June 12, 2013
The Room has gained fame over the past few years as perhaps the worst movie of all time. People get off on quoting choice bits of bad dialogue. They mock its appalling moments. They really can’t quite get over how awful this movie is.
It is now impossible to approach the movie without this context. (And to be fair, without the legend, if I was somehow watching this movie alone by chance, I would have turned it off after ten minutes. If I got that far.) But I wonder if the context has been unfair to the movie itself.
Having achieved cult or midnight movie status, at screenings a strange breed of person will go along regularly, throw plastic spoons and scream responses at the screen. This was how I saw it, and would kind of recommend doing it that way, just as an experience. It is not like the movie is going to be detracted from, or that it would compel being taken seriously on its own terms, and a lot of the fun in my experience was in the stuff being yelled at the film rather than the film.
The Room is written, directed by, and stars Tommy Wiseau. While it is thus a deeply personal work, throughout The Room is comically inept, bizarrely naïve and completely un-self-aware. It is consistently dreadful, lacking in any rudiments of good acting or dialogue, any sense of how a narrative or scene might work, and, often, any sense of how reality might work. It is genuinely baffling that anyone could make something this goofy without the awareness of how completely it was failing, yet there is no question that it is a genuine effort, and therein lies its charm.

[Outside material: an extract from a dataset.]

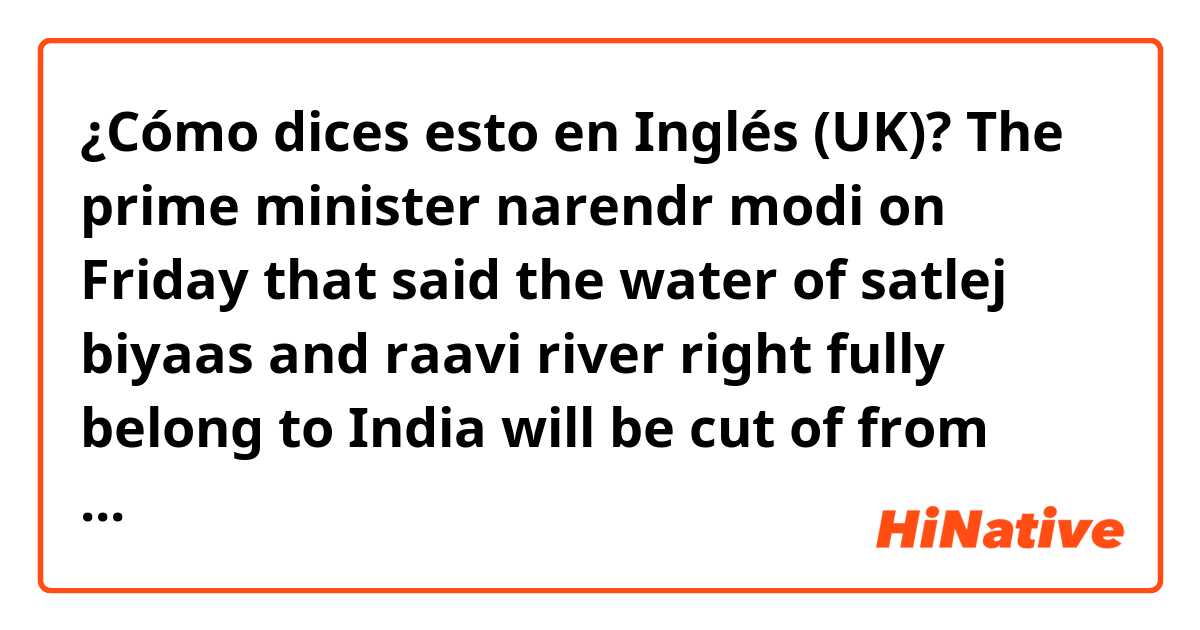 ¿Cómo dices esto en Inglés (UK)? The prime minister narendr modi on Friday that said the water of satlej biyaas and raavi river right fully belong to India will be cut of from going waste in pak and he will be insure that the farmers here utilize it.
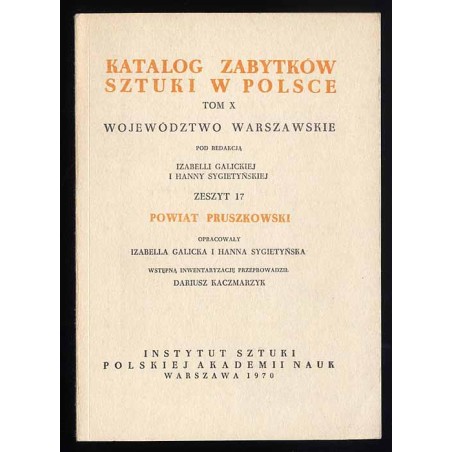 Katalog zabytków sztuki w Polsce. T. 10: Województwo warszawskie. Z. 17: Powiat pruszkowski / Pruszków i powiat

(From here we enter SPOILER terrain.)
The essence of the story is Johnny, played by Wiseau, is a genuinely good and lovely guy. He is great to his girlfriend, his friends, and has even adopted a weird kid whose way he is paying through school and life. He is an innocent without sin. In the lead up to what would be their wedding, his somewhat erratic girlfriend begins an affair with his best friend, and chooses to leave him for the best friend. Their intimate betrayal drives Johnny to kill himself – a weirdly shocking moment in the hilarity of the meta-viewing. I really didn’t expect it, especially not after laughing so much.
What gets me is this: Wiseau, however ineptly, is expressing a genuine pain. An authentic anguished cry of a good guy being tormented by the world and driven to death. It is not a good piece of art in the sense of craft, but it does communicate this in its own way. And it feels deeply incongruous to celebrate a story such as this in this fashion, in much the same way it is considered rude to laugh at a mentally handicapped person.

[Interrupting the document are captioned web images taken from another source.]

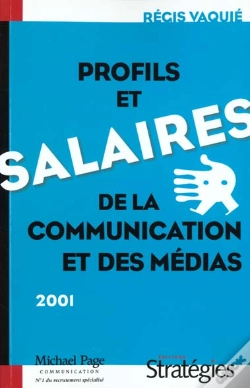 Capa do artigo Les Salaires Et Les Profils De La Communication 2001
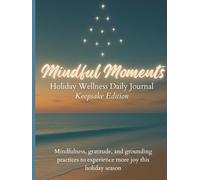 Mindful Moments: Holiday Wellness Daily Journal Keepsake Edition: Mindfulness, gratitude, and grounding practices to experience more joy this holiday season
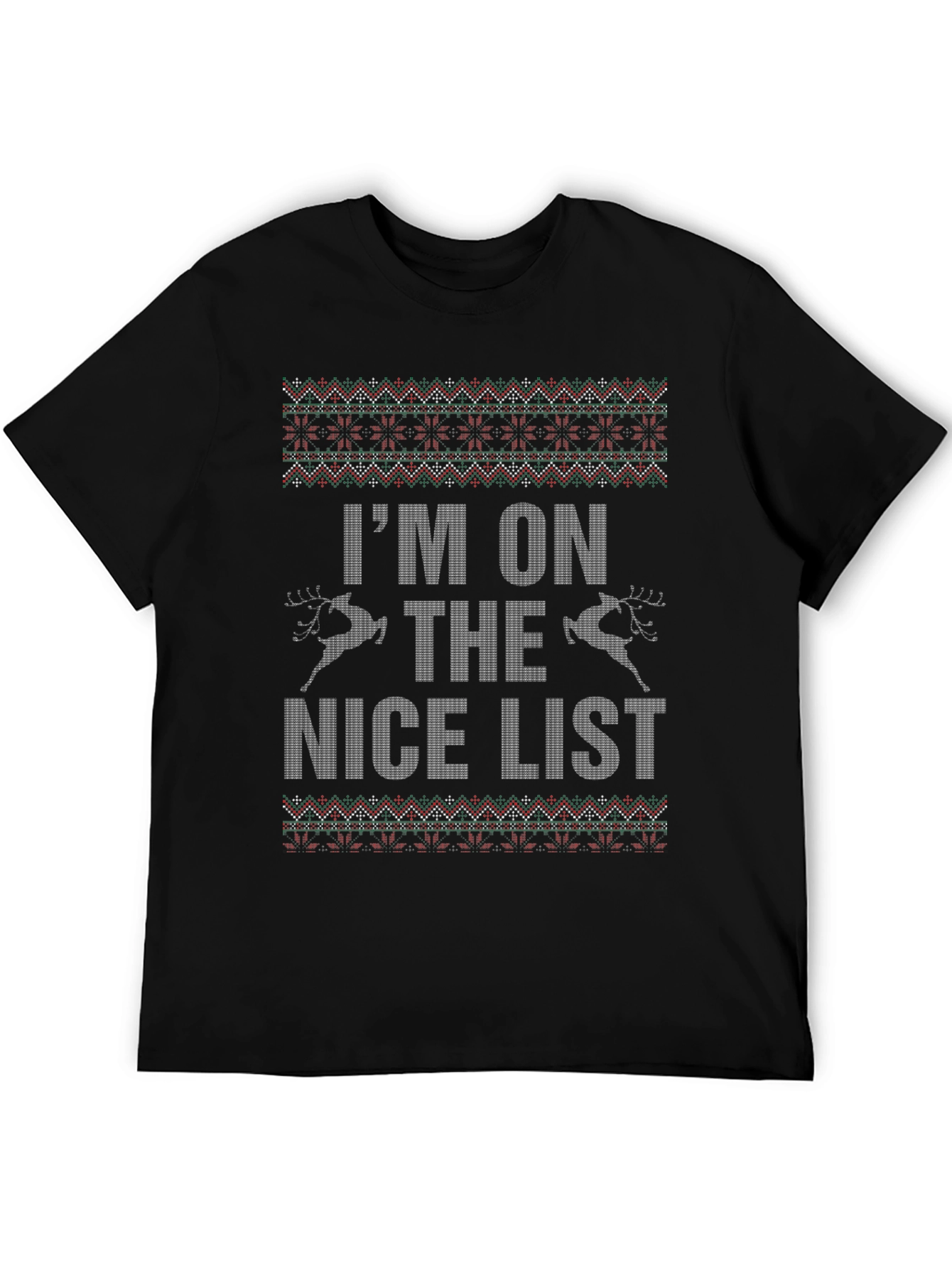 Im On The Nice List Graphic T-Shirt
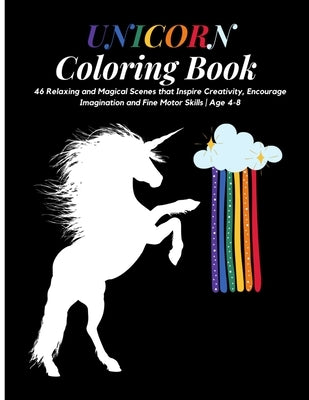 Unicorn Coloring Book: 46 Relaxing and Magical Scenes that Inspire Creativity, Encourage Imagination and Fine Motor Skills - Age 4-8 by Publishing, Linkdy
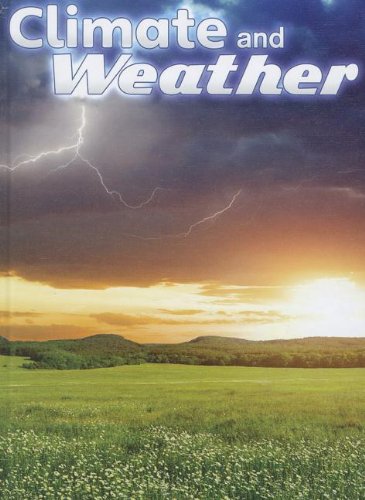 Climate And Weather (Let'S Explore Science),Used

I find I am left disliking the way people seem to get into shitting on it. Partly this mocking and dissecting is just what is done nowadays. We must have an opinion on media. This is almost the main pastime of the privileged first world. (I realise that is what I am doing now.) And boy can one unleash an opinion on this turkey – perhaps no movie, scene by scene, provides as many opportunities for comment. What I question is the motive.
My sense is the audience is mocking it, kind of affectionately, but without respect. Sure, everyone who has grown up watching movies could probably make a technically better movie, but could we make one as genuine, as naked, as unselfconscious? In the era of a Hollywood without a soul but for the dollar, blandly agreeing everything is “awesome”, that genuine artistic expression – however failed – is increasingly rare.

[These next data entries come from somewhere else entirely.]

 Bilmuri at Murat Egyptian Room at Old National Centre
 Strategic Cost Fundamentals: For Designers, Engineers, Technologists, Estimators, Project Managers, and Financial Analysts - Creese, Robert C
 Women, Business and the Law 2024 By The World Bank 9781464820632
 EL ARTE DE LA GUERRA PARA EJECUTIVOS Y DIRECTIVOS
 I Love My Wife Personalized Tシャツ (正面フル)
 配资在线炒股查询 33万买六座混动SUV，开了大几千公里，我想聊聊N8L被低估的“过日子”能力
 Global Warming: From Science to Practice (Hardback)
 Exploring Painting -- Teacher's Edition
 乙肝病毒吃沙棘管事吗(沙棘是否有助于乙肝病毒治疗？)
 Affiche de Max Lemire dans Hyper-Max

While he failed in almost every way (though hey, he did make the movie, and it is now certainly a financial success), Wiseau made a movie that meant something to him, that (presumably) corresponds to his vision, and communicates something heartfelt.
Film is a very compromised media, and within it I am attracted to uncompromised works. (I also seem to be moved to write deep reviews of bad movies (Sucker Punch, Transformers 2), maybe because interesting failures teach us more.)
That said, I currently do not feel any urge to watch The Room ever again. It is so bad it hurts.
Part of my reading of The Room is informed by watching Eraserhead on the big screen soon afterwards, quite a stunning experience. Eraserhead is deeply extraordinary, a highly effective psychological horror movie of often unbearable intensities. This is the very other end of the spectrum from The Room – Eraserhead is David Lynch’s expression of emotional anguish, armed with all the technical mastery and artistic vision Wiseau lacks.